Abercrombie explores a set of themes familiar from his earlier works; the difficulty of changing one's character, the hollowness of violence and revenge, the banality of evil. However, he continually manages to find new twists on these themes, making his novels feel fresh. Abercrombie is, to my mind, an essential fantasy author, and each book just gets better.
The story follows Shy South and her stepfather Lamb, who return to their farm in the frontier Near Country to find their farm burned and Shy's siblings kidnapped. They set off in pursuit, towards the Far Country, in the middle of a gold rush. Shy has a dark past, a former bandit who has tried to put this behind her. Lamb, she begins to suspect, has an even darker past, and in the course of the chase he begins to cast aside the slow, passive farmer he has become and return to the bloody killer he used to be.
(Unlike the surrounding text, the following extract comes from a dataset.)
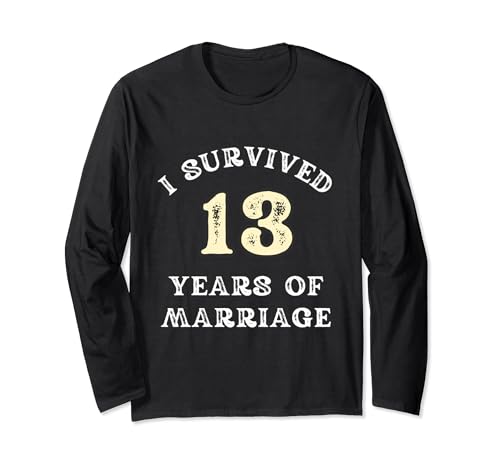 13 Jahre Ehe für Männer Geschenke 13. Hochzeitstag Langarmshirt 13 Jahre Ehe für Männer Geschenke 13. Hochzeitstag Langarmshirt von Funny 13 Years Marriage Together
The other main character is Temple, a lawyer for the infamous mercenary company of Nicomo Cosca. Sickened by the bloodshed he has seen, Temple runs away seeking a second chance, and ends up accompanying Shy and Lamb into the Far Country. But this being a Joe Abercrombie novel, redemption will not be an easy thing to find.
Abercrombie's writing is compulsively readable. He makes use of many of the tropes of the western, with showdowns and dark pasts and marauding "ghosts" who take ears as trophies. However, Abercrombie avoids fetishizing the violence he depicts. One might find oneself cheering the protagonists on as they deal out vengeance to some particularly sordid villain, but in the end this will always be something regretted, or at best accepted as necessary but without glory or satisfaction. This makes for somewhat dark reading, but it's a worthwhile antidote to the parade of movies and novels that depict brutal violence as a solution to one's problems.
Red Country is an excellent new fantasy novel. It is one of Abercrombie's best yet, and shows his increasing command over his themes and writing. This is no Tolkien, it is much more brutal and focuses on the losers and scum instead of the leaders and nobles. I don't think we need to choose one over the other, but I think that Abercrombie provides an important counterbalance to so called "epic" fantasy, as well as being an excellent read in its own right.